Founded two years ago by three local entrepreneurs from Punta Arenas in southern Chile, the bottled water company is in the midst of a fundraising round for US$40,000 on Kickstarter to finance export certifications from the US Food and Drug Administration (FDA) and British Retail Consortium (BRC) as well as its first production round.
APSU Pure Origin Water will be produced in three 750ml varieties - Snow, Waterfall and Glacier - sourced using a nomad harvesting process that leaves no trace on the environment. Using a 20ft container processing plant transported on a barge to three sites in Chilean Patagonia for in situ harvesting and bottling, APSU aims to bottle a total of just 10,000 – 15,000 per site and ideally spend just one week at each.
“The goal is to harvest very little water; we want to make it very exclusive,” said Francesco Giangrandi, partner at APSU Pure Origin Water.
“...If that's enough volume to keep this going and to actually be of a real support to the region, we'll keep it at that,” Giangrandi told FoodNavigator-LATAM.

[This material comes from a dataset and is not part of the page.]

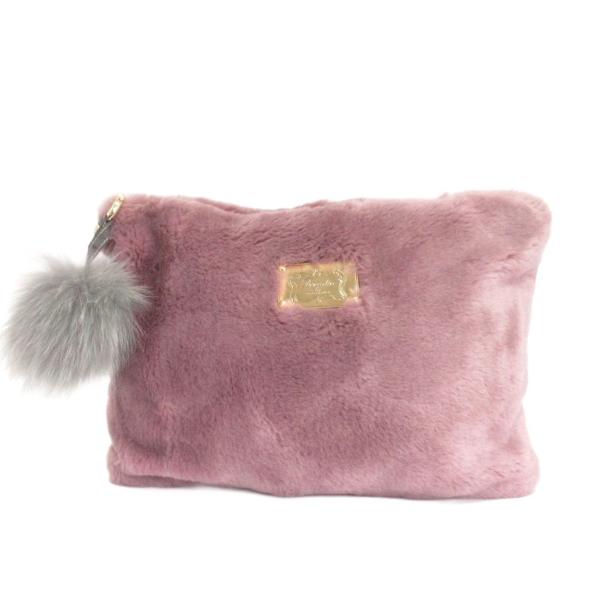 デモデ demodee セカンドバッグ クラッチ ファー ポンポンチャーム 紫 パープル 鞄 ■TC...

The goal of the company, he said, was not to make it into a business but rather “give back to the region”, starting with reforestation programs in national parks or reserves affected by wild fires but potentially working with other environmental causes in the region, like protecting penguins or glaciers.
“We're looking to give back. We don't want to close our minds to just one specific issue that might come up in the region.”
The cost of conservation
Giangrandi said APSU was still prospecting markets to work out exactly how many bottles would be needed to fund such efforts but the company would never bottle large stocks typical of other water companies.

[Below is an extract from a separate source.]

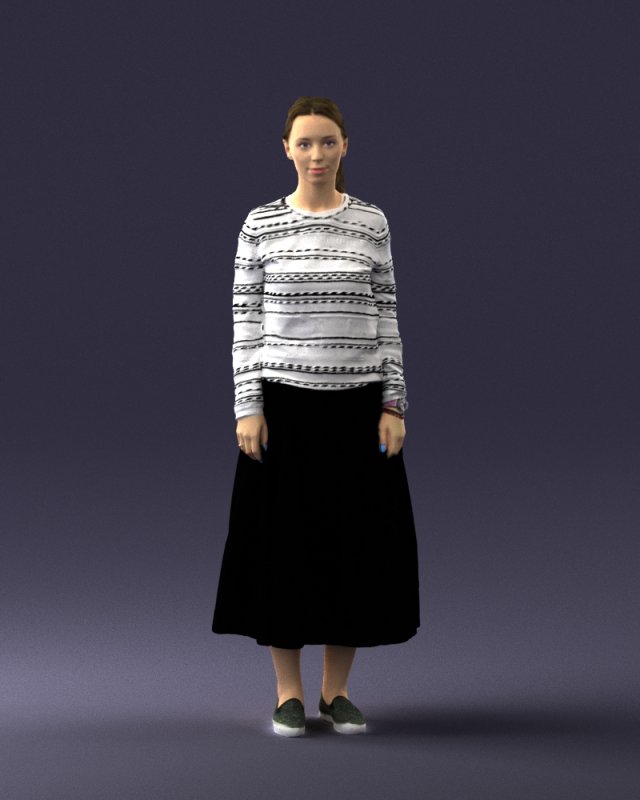 girl in simple clothes 0319 3D Model .c4d .max .obj .3ds .fbx .stl .blend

“We don't have the capacity to produce large volumes, so that shifted us to the low-volume, high-price point angle,” he said. “...This is a kind of water you can give as a gift because of the story behind it. This is not something you're just going to go to the corner shop and buy.”
And with a goal price of $100-150 per bottle and first-batch special edition bottles for sale at $1,000, high-end hotels and restaurants would be the best-suited outlets, he said.

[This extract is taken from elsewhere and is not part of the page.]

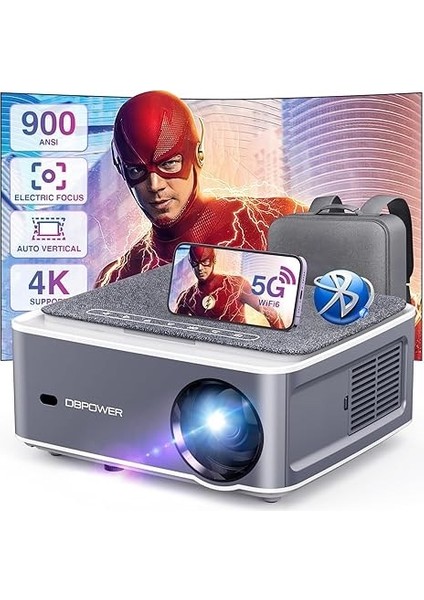 Dbpower 5g Wifi Bluetooth Projektör 1080P Hd 4K Destekli,hdmı+Usb/vga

“For a product like this, the strategy would be to actually target a very high-end hotel that could offer [the water] in its most expensive rooms, for example. And that gives an instance to tell a bit of a story and show why the bottle of water costs what it costs and what's behind the whole process. It's not just a beautiful bottle with high-quality water in it – there's something else.”
APSU was also working on a tracking application that enabled consumers to scan a code and see where and when each particular bottle had been harvested; how it traveled to its final destination and more information on how that bottle was linked to conservation efforts in Chilean Patagonia.
“We want to make this very personalized, very small and very protective of the environment,” Giangrandi said.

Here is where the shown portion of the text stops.